Leigh Franks

Personal information
- Full name: Leigh David Franks
- Date of birth: 7 March 1991 (age 35)
- Place of birth: Scarborough, England
- Position: Defender

Team information
- Current team: Scarborough Athletic

Youth career
- 0000–2007: Bridlington Town
- 2007–2010: Huddersfield Town

Senior career*
- Years: Team / Apps / (Gls)
- 2009–2011: Huddersfield Town / 0 / (0)
- 2009–2010: → Fleetwood Town (loan) / ? / (?)
- 2010–2011: → Oxford United (loan) / 5 / (0)
- 2011–2013: Alfreton Town / 52 / (2)
- 2013–2015: Harrogate Town / 34 / (1)
- 2015–: Scarborough Athletic

= Leigh Franks =

English footballer

Leigh David Franks (born 7 March 1991) is an English footballer who plays as a defender for Scarborough Athletic in the Northern Premier League Division One North.

== Career ==
Franks was signed up from Bridlington Town in 2007. In the 2009–10 season, he was sent on loan to Conference North side Fleetwood Town.

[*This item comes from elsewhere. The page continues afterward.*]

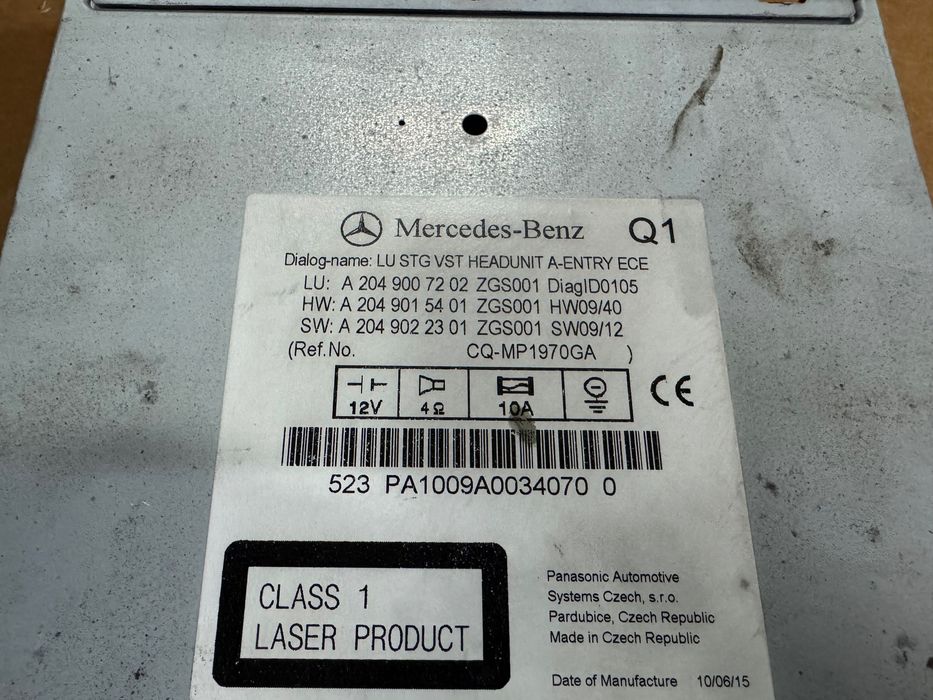 Radio Mercedes W204 C200 C220 A20490.07202 \ A2049.015401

In the 2010–11 season, Huddersfield manager Lee Clark sent Franks out on loan to League Two side Oxford United for six months. He returned to the Galpharm on 5 January 2011. At the end of the season he was released by Huddersfield and in June 2011 he joined Alfreton Town. Despite an injury hit first season, Franks signed a new one-year contract with the club on 23 May 2012.

On 18 June 2013, Franks rejected a new contract offer from Alfreton and joined Harrogate Town. As he was under 24 and offered fresh terms, Alfreton received an undisclosed fee for the player.